Pada tanggal 20 September 1953 terjadi proklamasi bahwa Aceh merupakan bagian dari Negara Islam Indonesia pimpinan Kartosuwiryo. Pernyataan itu diberikan oleh Daud Beureueh setelah dikecewakan pimpinan Republik Indonesia yang menghapuskan status Aceh sebagai Daerah Istimewa. Daud Beureueh yang menjabat sebagai ketua PUSA (Persatuan Ulama Seluruh Aceh) serta bekas Gubernur Militer Daerah Istimewa Aceh di masa Revolusi menjadi banyak yang mendukung gagasannya.

Pemberontakan DI/TII di Kalimantan Selatan

Pernyataan sebagai bagian dari NII pimpinan Kartosuwiryo juga terjadi di Kalimantan Selatan pada bulan Oktober 1950. Ibnu Hajar alias Haderi bin Umar alias Angli adalah bekas Letnan Dua TNI yang bersama anggota kesatuannya melakukan desersi dan menyatakan bergabung dengan gerakan Kartosuwiryo. Bahkan Ibnu Hajar diangkat menjadi Menteri Negara oleh Kartosuwiryo.

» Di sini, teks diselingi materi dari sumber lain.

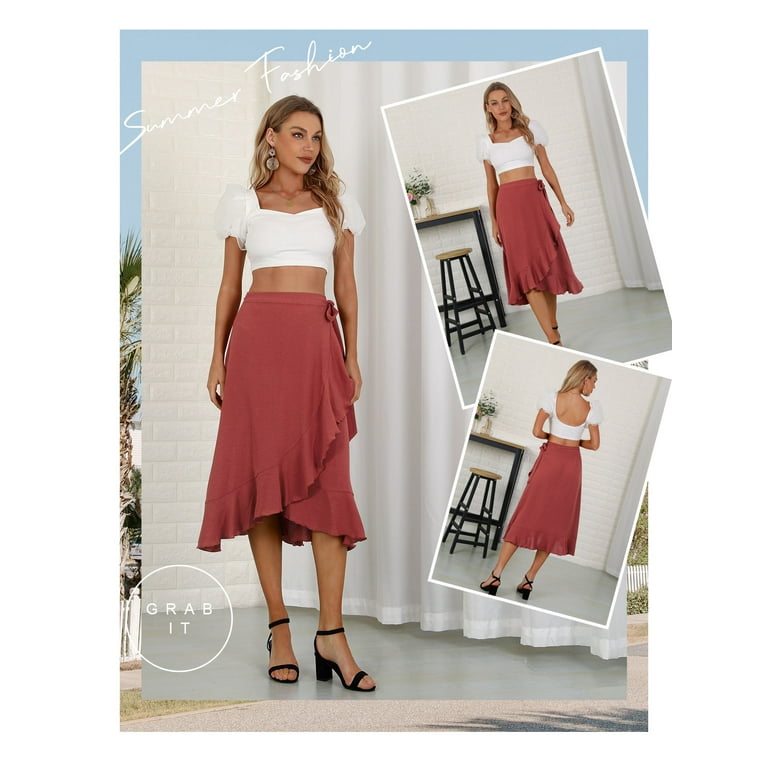 SLADYGLD Women Lace Up Waist Irregular Ruffle Hem Wrap Midi Skirt - Main Image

Pemberontakan DI/TII di Sulawesi Selatan

Kahar Muzakkar di Sulawesi Selatan juga melakukan hal yang sama setelah dikecewakan oleh Pimpinan RI. Sebagai ketua Komando Gerilya Sulawesi Selatan (KGSS) yang beranggotakan sekitar 15.000 gerilyawan menuntut pemerintah agar semua anggotanya diangkat menjadi tentara pemerintah, Angkatan Perang Republik Indonesia Serikat (APRIS), dengan nama Brigade Hasanuddin. Tuntutan ditolak, karena keanggotaan APRIS melalui seleksi. Penolakan itu mengecawakan, karena yang lolos seleksi justru Andi Aziz dan anak buahnya yang bekas tentara KNIL. Kekecawaan memuncak ketika Letkol Warouw diangkat sebagai komandan Korps Cadangan Tentara Nasional (CTN), sehingga Kahar Muzakkar melarikan diri ke hutan dan memproklamasikan diri sebagai bagian dari NII pimpinan Kartosuwiryo.

Gerakan DI/TII secara bertahap dapat dipadamkan. Operasi militer yang paling lama adalah pengkapan Kartosuwiryo yang baru memperoleh hasil pada tanggal 14 Agustus 1962. Melalui pengadilan Mahkamah Angkatan Darat, Kartusowiryo dijatuhi hukuman mati.

Sekian uraian tentang Pemberontakan DI/TII di Berbagai Daerah, semoga bermanfaat.